Opinion: Do 1 or 2 things very well.

Offering a service just to list it on your District homepage is clever marketing. Nothing more.

7 thoughts on “Schools were not meant to be like Walmart.

  1. Think about it.

    Schools are highly organized and staffed with capable professionals.

    They are the easiest way to implement all sorts of social policies.

    Instead of generating a whole new bureaucracy, just tack it onto schools.

    Uh oh, they’ve been doing this for years and it’s become too much.

  2. Maybe I’m just late millennial lefty scum, but I think this take is baffling .

    Yes, teachers are overworked. Yes, schools are underfunded. But that’s why they should be funded better and hire more people to do all of these jobs.

    It would make MY job easier if my students were taken care of.

  3. It can’t be all things to all people. It simply can’t.

    The “late millennial lefty scum” mentality (just using your words, not that it’s actually negative), is the exact mentality that says “The problem is money. If we give it more money, it will get better.”

    But there are problematic incentives created by this and there are fundamental issues that are not addressed by simply increasing funding.

    If you have an administration that creates a subordinate and adversarial relationship between teachers and administration, that can create disfunction within the school, lower teacher morale, reduce teacher effectiveness, and harm student outcomes. That kind of thing doesn’t get fixed (or frankly, even identified) by increasing funding. If anything, it papers over the problem and allows them to continue to limp along with a festering social dynamic within the school. Suddenly they get a grant to give 1-1 laptops/tablets to kids. And maybe student scores get a bump for a year or two. Then maybe there’s a funding reapportionment that allows them to hire more aides. And again another bump. Maybe they add a couple of social workers/counselors to the staff. But now administration says that in doing so, many of the most difficult special needs students need to be mainstreamed – even some of the aggressive ones. Creating more disruptions during lessons and additional headaches for classroom management.

    But the entire time, administration is still condescending and adversarial with teachers, demanding more “proof” that the teacher is actually doing their job. And why wouldn’t administration expect this? After all, “we” are providing these bright and shiny features to you teachers. Why shouldn’t you demonstrate to us that you’re effectively utilizing these tools “we” are providing? And resentment grows among teachers. Good teachers leave the district and lousy (but loyal to admin) teachers are hired in – often young teachers with no knowledge of what an effective relationship between admin and faculty looks like.

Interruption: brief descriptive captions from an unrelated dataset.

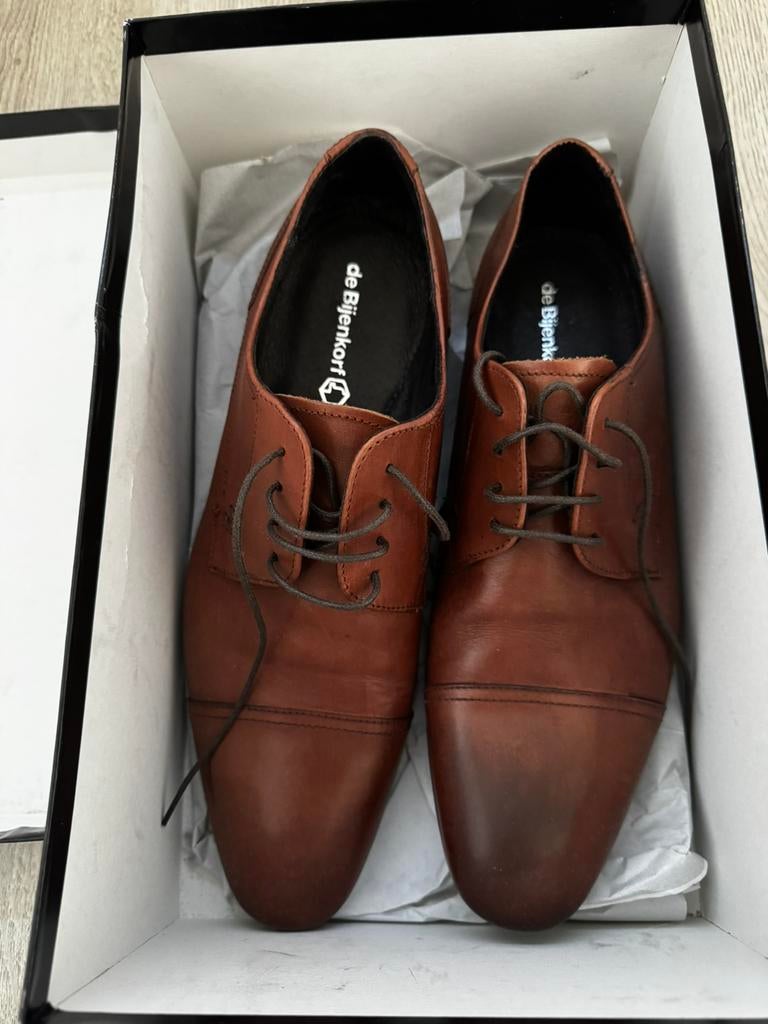 Te koop’nieuwe’ schoenen van de Bijenkorf, Bruin, Nieuw, Ophalen of Verzenden, Veterschoenen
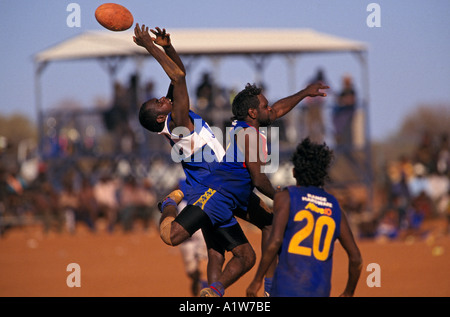 Fußballspiel, Aborigine-Gemeinde, Australien Stockfoto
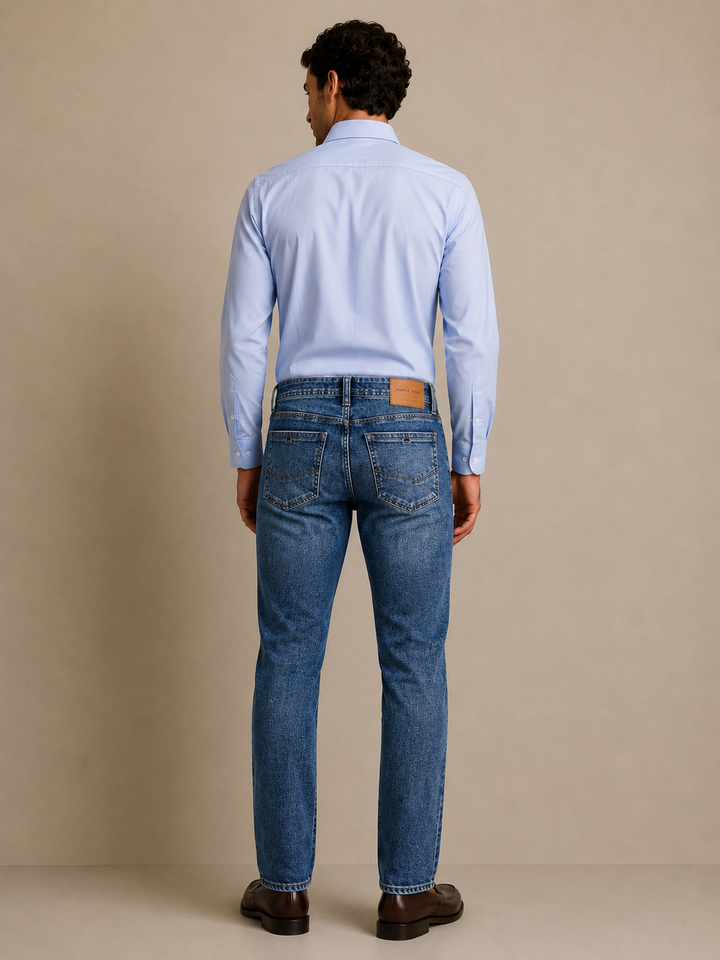 Jean masculino azul índigo de corte semi entubado Purple Rain, confeccionado en mezcla de algodón, poliéster, rayón y elastómero para brindar comodidad, resistencia y un ajuste moderno. Diseño versátil ideal para looks casuales y smart casual.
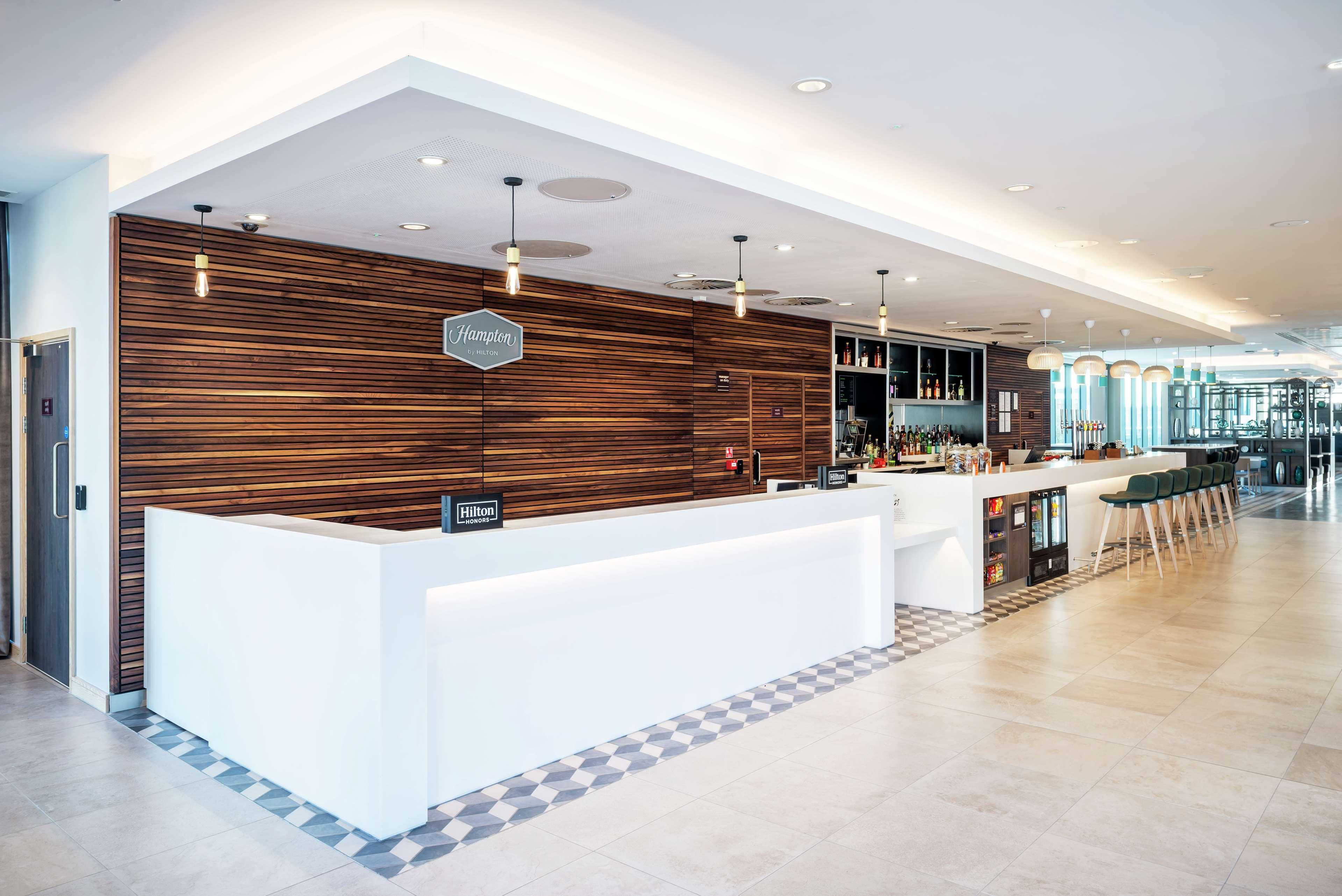 Restaurant Hampton by Hilton Stockton on Tees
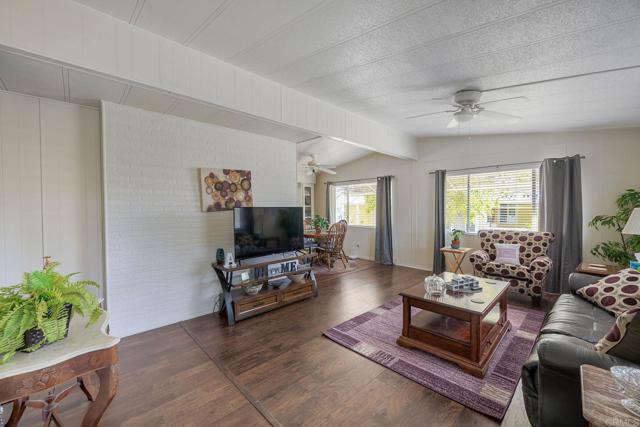 Detail Gallery Image 12 of 34 For 18218 Paradise Mountain Rd Spc 121 #LOT 121,  Valley Center,  CA 92082 - 2 Beds | 2 Baths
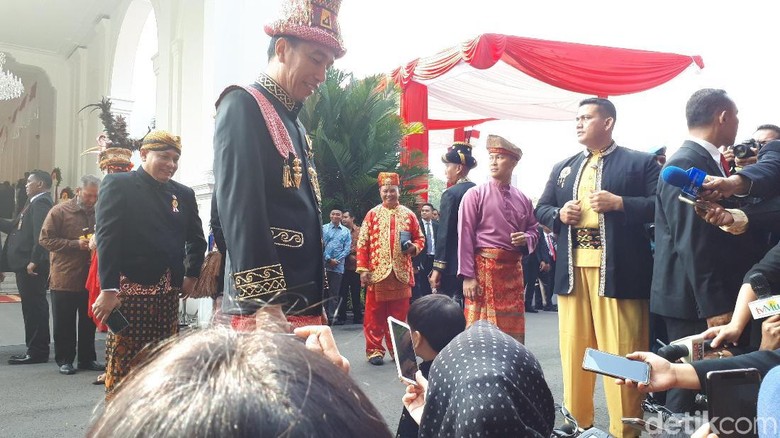 Berpakaian Adat Aceh, Jokowi Ajak Jan Ethes Lihat Persiapan Upacara Berpakaian Adat Aceh, Jokowi Ajak Jan Ethes Lihat Persiapan Upacara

Things continue to spiral down – kept from crashing primarily due to infusions of additional funding here and there.

  4. Just a though… Schools are no longer for Education but are for Entertainment and Social Modification. All you have to do is look at the content of programs being offered that are “fluff courses” and the number of “essential courses” in the curriculum. For example, if a school district requires 32 credit hours of courses (at the HS level) and they have a program from which to select from that has 200+ courses (Fluff out weighs Essentials), how does a student balance the course load?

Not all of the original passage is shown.